In a new article (subscription required) for Fast Company, contributor Ainsley Harris reports on how many DTC brands, in a bid to reduce their burn rates, have increasingly turned to outsourcing, relinquishing everything from manufacturing to brick-and-mortar retail operations, and essentially becoming zombies, or shells of their former selves. “Often only a brand veneer and intellectual property remain,” she writes. She highlights one exception that resulted in a successful exit: pet meal company Nom Nom, which sold to Mars for a reported $1 billion in January 2022. Nom Nom’s secret sauce? A proprietary manufacturing process.

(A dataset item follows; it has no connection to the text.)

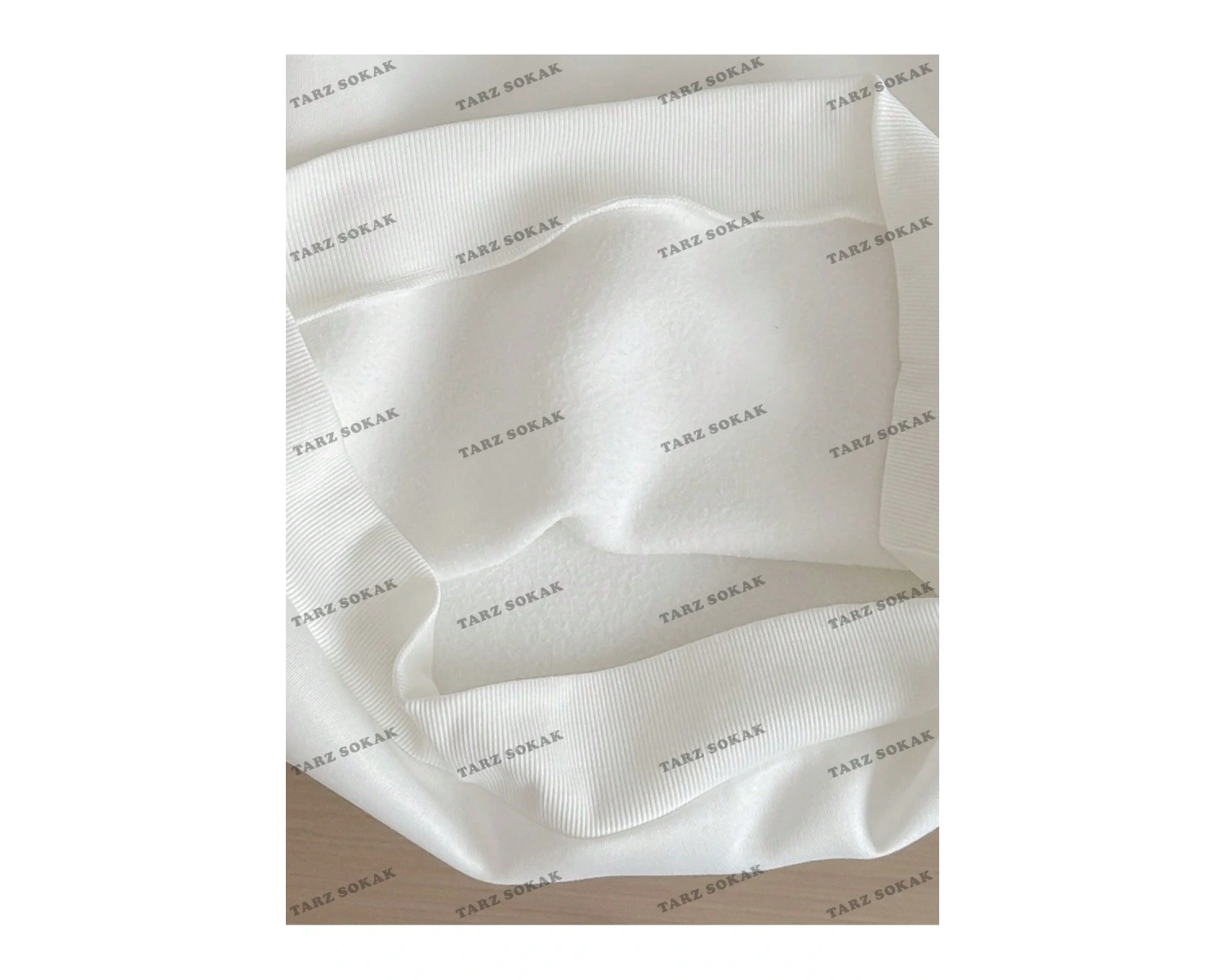 Y2K YENİ SEZON SSWEAT HARAJUKA KUROMİ RETRO KOD 1283 Beyaz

Birkenstock bucks the trend
This brings us back to Birkenstock, which is something of an anti-zombie under Reichert’s leadership. According to a New York Times profile, he made the decision to invest in the company’s German factories. The company has said it also plans to expand a component-making facility acquired in Portugal. In its offering prospectus, Birkenstock cites its factories as a potential risk to investors because low-cost outsourced manufacturing of footwear is widely available and could allow competitors to price more aggressively.
But owning its factories allows Birkenstock to control quality and uphold sustainability standards, which is a competitive advantage for a premium brand. If Birkenstock can continue to produce strong financial results, it may find as many fans on Wall Street as it does on high streets.
Tell us about your “inside jobs”
What parts of your business would you never consider outsourcing because they’re your secret sauce? Are there things you’ve farmed out that you’d like to bring back in house? Send me your thoughts on outsourcing at stephaniemehta@mansueto.com. Your insights could form the basis of a future newsletter.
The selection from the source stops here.